Researchers at the Shapotu Desert Experimental Research Station in China have developed a revolutionary approach to reverse desertification and transform barren land, turning sand into fertile land, within just 10 months. Using cyanobacteria, which are specialized, photosynthetic microorganisms, researchers have created layers of organic soil that form a living layer on the surface of the dunes that is constantly changing. When layers of organic clay are spread and applied to the sand, they cause cyanobacteria to secrete sugar-based glue-like substances that bind the individual sand particles into a stable, solid mass. This process significantly reduces the time required for natural soil formation as it rapidly increases the levels of nutrients such as nitrogen and phosphorus. As a result, these organic soil layers stabilize the sand on the desert floor and retain moisture in the sand, thus providing a cost-effective, environmentally sustainable basis for successful plant growth in extremely dry environments around the world.
The research team in China is changing desert sand In fertile soil in 10 months
Cyanobacteria are microorganisms that can be grown in laboratories and added to deserts as a way to improve desert ecosystems. These organisms can withstand extreme dryness; When water is present, they grow rapidly and form a layer that protects against wind erosion and provides nutrients for shrubs and grasses to take root. This eliminates the primary challenges in establishing vegetation in unstable, nutrient-poor deserts.

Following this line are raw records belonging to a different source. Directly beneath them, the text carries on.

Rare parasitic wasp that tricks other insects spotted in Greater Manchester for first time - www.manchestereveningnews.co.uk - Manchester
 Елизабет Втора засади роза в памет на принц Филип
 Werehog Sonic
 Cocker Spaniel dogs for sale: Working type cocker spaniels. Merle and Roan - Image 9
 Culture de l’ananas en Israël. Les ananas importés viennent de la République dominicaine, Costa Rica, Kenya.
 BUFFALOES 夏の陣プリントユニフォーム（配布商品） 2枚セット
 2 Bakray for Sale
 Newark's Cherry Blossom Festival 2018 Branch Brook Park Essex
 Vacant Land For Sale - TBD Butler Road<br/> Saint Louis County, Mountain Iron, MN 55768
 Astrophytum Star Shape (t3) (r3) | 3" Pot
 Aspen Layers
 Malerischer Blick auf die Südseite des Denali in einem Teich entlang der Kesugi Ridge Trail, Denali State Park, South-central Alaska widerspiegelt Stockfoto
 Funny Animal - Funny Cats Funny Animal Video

How artificial layers overtake natural recovery
According to the study Soil Biology and Biochemistry, biological soil crusts (BSCs) are living, thin layers of soil that are formed from soil particles adhering to the polysaccharide excreta of cyanobacteria. They serve as the basis for ecological recovery. Studies show that implementing these microbial communities will accelerate the rate of organic carbon accumulation by 3.2 times and nitrogen accumulation by approximately 15 times compared to the rate of natural crust formation. Creating a stable ‘sand bed’ rapidly through chemical and physical processes will facilitate the establishment of many more complex organisms (e.g., lichens and mosses), as research at PMC-NIH has shown.
biological soil science
Beyond initial stabilization, this technique allows a practical and low-maintenance approach to traditional, labor-intensive methods used for desert reclamation, such as hand-planting. The use of drought-resistant strains developed in the laboratory means that this method can be adapted to many dry climates outside China. As reported in research published on PMC-NIH, ongoing research on ‘synthetic microbial communities’ supports the ability to adapt specific bacterial strains to improve efficiency with crust formation, thus providing a basis for developing global large-scale desertification control systems through automation.